John Shearer

    John Shearer

    9 months ago
    Is it expected that running a local flow with
    PREFECT__FLOWS__CHECKPOINTING=false
    but with checkpoint data present in the prefect result directory would read from those results? - I would expect this, but this is the current behaviour (on my machine ...)
    Anna Geller

    Anna Geller

    9 months ago
    @John Shearer afaik, what you set on
    @task(checkpoint=False)
    is important
    John Shearer

    John Shearer

    9 months ago
    fyi - in this case my result locations are set by only the current day, so today I ran a couple of flows with checkingpoint=true, but now further jobs with checkingpoint=false are using that (old) checkingpoint data
    In all cases I have
    @task(checkpoint=True)
    for the tasks, but checkingpoint has been disabled at the flow level (either config file, or environment variable)
    Kevin Kho

    Kevin Kho

    9 months ago
    That env variable is overridden to True or Cloud or Server runs so it needs to be done at the task level
    John Shearer

    John Shearer

    9 months ago
    for tasks with
    @task(checkpoint=True)
    they don't write out results when env var
    PREFECT__FLOWS__CHECKPOINTING=false
    , but they do appear to read results in that same case (if they are already present)
    This is running without cloud or server (from local pytests)
    Kevin Kho

    Kevin Kho

    9 months ago
    They won’t for local runs without a backend.

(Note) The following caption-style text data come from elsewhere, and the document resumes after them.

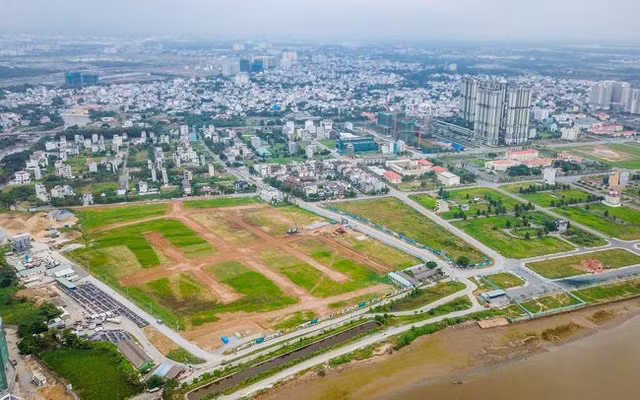 Dự thảo Luật Đất đai sửa đổi: Vi sao còn nhiều băn khoăn? Du thao Luat Dat dai sua doi: Vi sao con nhieu ban khoan?
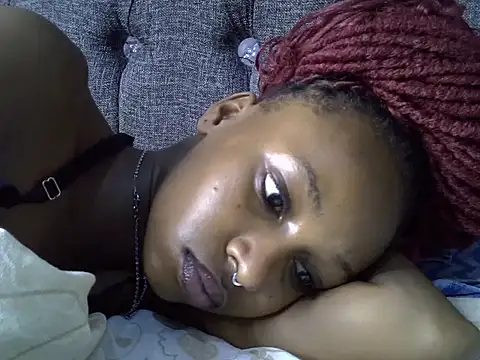 cocolaurah live cam on StripChat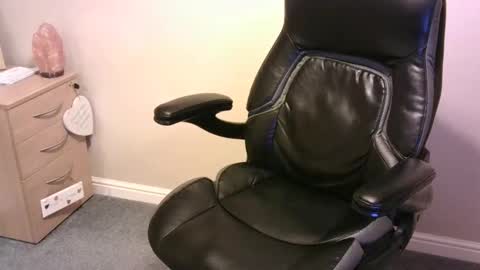 Snapshot of littlepenis1000 chatting on 11-27-25, 05:37 Littlepenis online show from 11-27-25, 05:37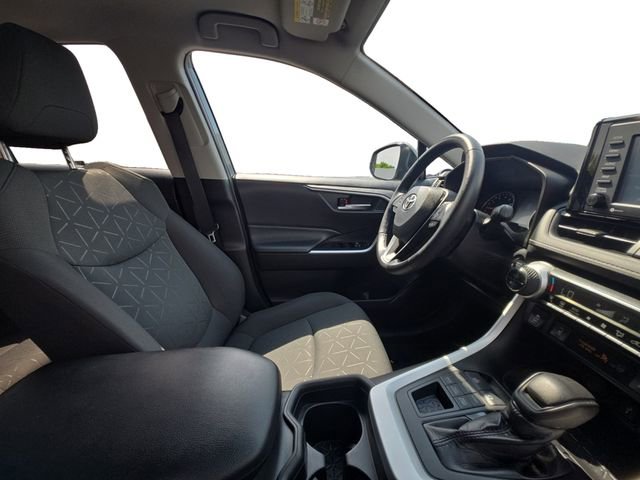 Used 2021 Toyota RAV4 XLE w/ Convenience Package AWD/4WD image 16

That’s right because that env variable is respected
    John Shearer

    John Shearer

    9 months ago
    I think my case is a little odd, I'll try to go through step by step. one minute ...
    • I have a number of tasks in my flow with
    @task(checkpoint=True)
    - with a result location based on the current date (no time component). results directory is initially empty 1. I run my flow from pytest with environment variable
    PREFECT__FLOWS__CHECKPOINTING=false
    a. this creates no files in the results directory - YAY 🙂 2. I run my flow from pytest with environment variable
    PREFECT__FLOWS__CHECKPOINTING=true
    a. this creates some files in the results directory - YAY 🙂 3. I run my flow (again) from pytest with environment variable
    PREFECT__FLOWS__CHECKPOINTING=true
    a. this reads from the files in the results directory - YAY 🙂 4. I run my flow from pytest with environment variable
    PREFECT__FLOWS__CHECKPOINTING=false
    a. this reads from the files in the results directory - Unexpected 😟 Does that make sense?
    Kevin Kho

    Kevin Kho

    9 months ago
    Ah ok I see what you mean. Can you show me how you defined the Result location?
    John Shearer

    John Shearer

    9 months ago
    @task(result=pandas_result, target=parquet_location)
    def some_task():
       ...
    -
    import pendulum
    
    def pickle_location(**kwargs) -> str:
        return location_by_extension(suffix="pickle", **kwargs)
    
    def parquet_location(**kwargs) -> str:
        return location_by_extension(suffix="parquet", **kwargs)
    
    def location_by_extension(flow_name, scheduled_start_time, task_slug, suffix="parquet", **kwargs):
        date: str = pendulum.instance(scheduled_start_time).format("Y/M/D")
        # time: str = slugify(pendulum.instance(scheduled_start_time).time().isoformat())
    
        # return f"{date}/{time}__{flow_run_id}/{task_slug}-prefect_result.{suffix}"
        return f"{flow_name}/{date}/{task_slug}-prefect_result.{suffix}"
    sure. Sorry, it's a little ugly
    I wouldn't expect
    result
    or
    target
    to be used with PREFECT__FLOWS__CHECKPOINTING=false , though I likely have a misunderstanding somewhere
    (FYI - no urgency on this. It's not blocking me, and I'm signing off for today anyway) - thanks 😍
    Kevin Kho

    Kevin Kho

    9 months ago
    It’s the
    target
    that is causing this behavior. Targets are file based caching mechanisms so if the file exists, it will load the file instead of executing the task. You can use the
    result.location
    instead without the target and I think this will work an intended
    @task(result=Result(..,location="..."))
    John Shearer

    John Shearer

    9 months ago
    Oh great. That'll do nicely
    Thanks so much